MIKE REESE, Portland's police chief of nearly four years, is used to hearing criticism about certain controversial aspects of police work: officer-involved shootings, hiphop raids, homeless camp sweeps, pepper-spraying protesters, etc.

Those are the gray lines in a world of black and white (and blue). They mark the margins and boundaries of police power in a civilized society. Reese might not like it, but he's adjusted to a world where his office must take the time to speak on those issues and publicly defend his officers (or not, if you're Ron Frashour, fired for killing Aaron Campbell in 2010).

But this was different. This wasn't so comfortable.

On Tuesday, April 1, Portland City Council sat down across from the chief and publicly questioned him about something most cops wouldn't see as a gray line or a matter of politics.

They had him defend the bureau's $3.9 million Drugs and Vice Division (DVD)—a group of 29 cops who don't focus on prostitution or street dealing, just mid- and high-level drug rings and (sometimes) violent criminals.

Commissioner Steve Novick (and maybe some of his colleagues) is looking at all that money, the failure of the Nixon-era drug war it's being used to help fight, and everything else the city would like to do with its budget this year, but can't.

In an unprecedented display of political chutzpah, Novick has asked the chief to explain why the sky would fall if the city decides to claw some of that $3.9 million back.

"It's an appropriate conversation to have," Reese, edgier than usual, said after the hearing.

Reese said it. He endured it. (Don't cry: The hearing lasted a little more than half an hour.) But I'm not sure if he believes it.

Novick started off by reading from a 2011 report that called "multibillion-dollar" efforts like those led by the DVD "largely symbolic." Novick then pointed to a report produced by the police bureau's own crime analysts.

"Law enforcement efforts can only touch a small percentage of the drug market that exists in Portland," it says.

Then he asked a question that loomed over the rest of the hearing: "What are we getting for our $4 million?"
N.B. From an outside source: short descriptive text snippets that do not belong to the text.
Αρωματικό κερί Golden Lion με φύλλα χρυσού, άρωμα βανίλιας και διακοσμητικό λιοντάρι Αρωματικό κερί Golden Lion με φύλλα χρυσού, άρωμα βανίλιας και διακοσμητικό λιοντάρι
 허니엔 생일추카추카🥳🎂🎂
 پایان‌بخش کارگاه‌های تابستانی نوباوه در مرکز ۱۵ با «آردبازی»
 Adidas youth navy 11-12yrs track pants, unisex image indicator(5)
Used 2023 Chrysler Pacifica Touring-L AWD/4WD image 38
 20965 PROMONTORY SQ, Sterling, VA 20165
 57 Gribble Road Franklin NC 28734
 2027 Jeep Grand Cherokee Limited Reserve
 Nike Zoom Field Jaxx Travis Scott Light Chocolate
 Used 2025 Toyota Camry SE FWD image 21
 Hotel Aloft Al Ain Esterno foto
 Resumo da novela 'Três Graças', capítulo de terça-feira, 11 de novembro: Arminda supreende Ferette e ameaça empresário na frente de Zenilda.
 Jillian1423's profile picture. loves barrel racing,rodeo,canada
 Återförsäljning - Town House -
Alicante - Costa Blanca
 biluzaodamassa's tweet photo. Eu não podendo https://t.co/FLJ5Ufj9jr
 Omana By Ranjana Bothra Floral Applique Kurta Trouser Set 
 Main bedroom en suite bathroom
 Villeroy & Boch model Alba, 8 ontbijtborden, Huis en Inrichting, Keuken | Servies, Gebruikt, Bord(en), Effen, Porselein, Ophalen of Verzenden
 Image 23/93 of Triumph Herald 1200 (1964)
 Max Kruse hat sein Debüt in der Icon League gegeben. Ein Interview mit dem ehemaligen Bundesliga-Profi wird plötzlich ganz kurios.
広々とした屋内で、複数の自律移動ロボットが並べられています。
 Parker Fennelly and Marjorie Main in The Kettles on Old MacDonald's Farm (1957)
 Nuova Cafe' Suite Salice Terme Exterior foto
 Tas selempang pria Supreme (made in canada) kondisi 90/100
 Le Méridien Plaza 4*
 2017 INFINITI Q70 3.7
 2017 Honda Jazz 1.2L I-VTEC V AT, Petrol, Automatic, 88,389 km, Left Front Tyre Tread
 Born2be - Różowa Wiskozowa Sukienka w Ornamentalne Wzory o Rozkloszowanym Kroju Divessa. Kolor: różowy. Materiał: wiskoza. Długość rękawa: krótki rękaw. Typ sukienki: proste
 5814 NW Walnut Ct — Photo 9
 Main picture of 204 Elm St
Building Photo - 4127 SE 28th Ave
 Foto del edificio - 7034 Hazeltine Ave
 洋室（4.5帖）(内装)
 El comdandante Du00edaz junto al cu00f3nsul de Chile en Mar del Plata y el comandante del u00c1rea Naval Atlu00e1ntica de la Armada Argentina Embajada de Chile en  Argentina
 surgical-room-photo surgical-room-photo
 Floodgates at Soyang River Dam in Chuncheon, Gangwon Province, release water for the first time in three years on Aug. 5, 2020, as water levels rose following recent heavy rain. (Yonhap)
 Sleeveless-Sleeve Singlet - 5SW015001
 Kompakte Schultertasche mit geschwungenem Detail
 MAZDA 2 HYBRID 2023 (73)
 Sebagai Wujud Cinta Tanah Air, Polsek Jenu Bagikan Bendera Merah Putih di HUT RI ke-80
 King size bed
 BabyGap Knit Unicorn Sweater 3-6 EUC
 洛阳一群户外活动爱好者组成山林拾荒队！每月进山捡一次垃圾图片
Reese gave a few answers, and so did his drugs and vice captain, Mark Kruger. We were told about Mexican cartels. We heard about the ties between drugs and violent crimes. We heard about the 21 times cops spent two or three days, on average, investigating overdose deaths last year. We heard about the ties between drugs and violent crimes. We also heard how the drugs and vice division is a "shell" of itself since Reese led the unit and that eliminating the unit would fuel more crime.

Novick wasn't all that convinced.

"But if you're only affecting a small percentage of the market," he said, "I don't see how it's useful to assume that a reduction in enforcement would result in an explosion [of crime]?"

Reese and Kruger didn't answer with any data. They warned, instead, that chaos would erupt. Again, Novick wasn't convinced.

"We can't change the drug laws," Novick said. "But we can decide how much resources we devote to enforcing them."

His colleagues might not follow him that far. But that they followed him as far as they did is a good sign for city hall.